Went to a screening the other night of "The Butterfly Effect," the new Ashton Kutcher movie, expecting — what else? — two hours of idiot teen-hunk exploitation.
But 10 or 15 minutes in, it became clear that "The Butterfly Effect" is nothing of the sort. This is a strange and complex and witheringly powerful film, undergirded by the considerable talents of three different ensemble casts, and dominated by an expert and enormously appealing performance by Ashton Kutcher. Yeah, yeah: one-time male model, star of "That '70s Show" and "Dude, Where's My Car?" Whatever. With this movie, Kutcher puts all that irrelevant bio-data behind him and stakes a completely convincing claim as a dramatic actor.
What makes his accomplishment so remarkable — this radical transition from trivial teen fodder to heavy-duty, hard-R grown-up fare — is the fact that it isn't a halting, tentative career step, but a brave creative leap into some very disturbing and sometimes brutal material.
Kutcher plays Evan Treborn, who as a child, along with two friends, is traumatized by the creepy predations of the friends' pedophile father (played with serene sliminess by Eric Stoltz). One of the friends, blonde Kayleigh Miller, whom Evan loves even as a kid, is pitifully diminished by this experience; her brother, Tommy, is transformed into a violent, hate-twisted psychopath. Recruiting another friend, the malleable Lenny, Tommy leads an expedition to vandalize a neighbor's home. The result is murderous and horrific, and the gentle Lenny never recovers from it.
The young Evan's mind represses these awful incidents by blacking out. To track the blank spaces in his memory, a psychiatrist suggests that he keep a daily journal. Years later, in college, when his blackouts begin again, he digs out those childhood diaries and finds that certain passages in them catapult him back into the painful past, where he now has the ability to change things — for the better, he thinks. But when he returns to the present, he discovers that he has colossally screwed up his and his friends' lives in the here-and-now, and will possibly never manage to arrange a longed-for reconnection with Kayleigh.
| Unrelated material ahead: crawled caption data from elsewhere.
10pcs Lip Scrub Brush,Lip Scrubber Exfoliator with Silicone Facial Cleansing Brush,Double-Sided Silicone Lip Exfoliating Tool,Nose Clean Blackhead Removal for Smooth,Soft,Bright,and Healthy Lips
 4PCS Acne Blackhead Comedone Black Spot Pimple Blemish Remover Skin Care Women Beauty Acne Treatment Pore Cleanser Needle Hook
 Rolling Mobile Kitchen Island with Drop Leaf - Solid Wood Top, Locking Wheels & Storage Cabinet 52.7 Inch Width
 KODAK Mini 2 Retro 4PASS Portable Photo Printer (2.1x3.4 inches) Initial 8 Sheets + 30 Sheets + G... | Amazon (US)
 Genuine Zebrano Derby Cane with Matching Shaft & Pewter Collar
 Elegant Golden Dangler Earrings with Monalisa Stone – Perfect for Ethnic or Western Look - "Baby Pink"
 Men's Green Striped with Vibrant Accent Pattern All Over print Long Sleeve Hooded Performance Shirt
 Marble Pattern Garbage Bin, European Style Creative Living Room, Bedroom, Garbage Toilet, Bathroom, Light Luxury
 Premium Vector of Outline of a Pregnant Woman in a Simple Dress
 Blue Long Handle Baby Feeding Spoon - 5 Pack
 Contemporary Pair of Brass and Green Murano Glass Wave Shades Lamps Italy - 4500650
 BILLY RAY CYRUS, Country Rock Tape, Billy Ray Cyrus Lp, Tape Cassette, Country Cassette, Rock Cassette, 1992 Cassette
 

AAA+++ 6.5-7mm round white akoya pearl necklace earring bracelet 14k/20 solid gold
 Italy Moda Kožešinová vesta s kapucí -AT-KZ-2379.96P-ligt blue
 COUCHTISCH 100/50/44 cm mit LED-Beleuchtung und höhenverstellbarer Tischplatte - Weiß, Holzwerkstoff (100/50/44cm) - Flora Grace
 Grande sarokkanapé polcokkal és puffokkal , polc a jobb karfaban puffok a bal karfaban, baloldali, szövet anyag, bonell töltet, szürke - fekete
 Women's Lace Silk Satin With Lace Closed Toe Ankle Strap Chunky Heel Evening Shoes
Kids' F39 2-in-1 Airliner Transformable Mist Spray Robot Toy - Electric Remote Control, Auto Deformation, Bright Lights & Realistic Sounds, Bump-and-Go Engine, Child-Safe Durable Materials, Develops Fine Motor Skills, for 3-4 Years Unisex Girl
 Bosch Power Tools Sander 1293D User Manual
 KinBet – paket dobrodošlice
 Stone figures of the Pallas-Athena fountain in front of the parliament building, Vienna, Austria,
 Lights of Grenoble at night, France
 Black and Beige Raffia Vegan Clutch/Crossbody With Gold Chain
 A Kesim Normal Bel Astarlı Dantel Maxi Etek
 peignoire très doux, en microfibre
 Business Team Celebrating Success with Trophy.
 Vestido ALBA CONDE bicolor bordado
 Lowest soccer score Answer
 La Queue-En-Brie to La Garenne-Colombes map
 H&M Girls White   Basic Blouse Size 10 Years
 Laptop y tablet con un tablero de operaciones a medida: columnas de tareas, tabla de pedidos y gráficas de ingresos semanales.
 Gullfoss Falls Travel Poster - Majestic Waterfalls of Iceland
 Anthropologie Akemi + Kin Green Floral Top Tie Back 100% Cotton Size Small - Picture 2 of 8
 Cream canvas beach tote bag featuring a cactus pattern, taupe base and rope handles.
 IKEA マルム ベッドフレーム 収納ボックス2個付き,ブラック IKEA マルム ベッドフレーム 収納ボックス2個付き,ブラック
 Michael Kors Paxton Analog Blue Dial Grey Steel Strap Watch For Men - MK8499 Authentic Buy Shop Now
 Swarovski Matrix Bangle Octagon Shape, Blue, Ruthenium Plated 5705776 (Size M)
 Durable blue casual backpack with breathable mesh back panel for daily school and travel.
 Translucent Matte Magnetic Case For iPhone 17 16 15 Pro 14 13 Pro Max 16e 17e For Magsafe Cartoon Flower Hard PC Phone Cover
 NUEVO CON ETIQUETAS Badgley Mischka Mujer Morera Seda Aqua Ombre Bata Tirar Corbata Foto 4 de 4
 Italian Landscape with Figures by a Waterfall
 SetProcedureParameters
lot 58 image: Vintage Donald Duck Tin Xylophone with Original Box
This "butterfly effect" — a term derived from the idea that even the merest flutter of a butterfly's wing in the present can have unforeseeably disastrous consequences in the future — was described in 1972 by the chaos theoretician Edward Lorenz. However, as a colleague helpfully points out, the great sci-fi writer Ray Bradbury may have first formulated the concept in a 1952 short story called "A Sound of Thunder" (which explains why, in "The Butterfly Effect," the school that Evan attends is called Bradbury University).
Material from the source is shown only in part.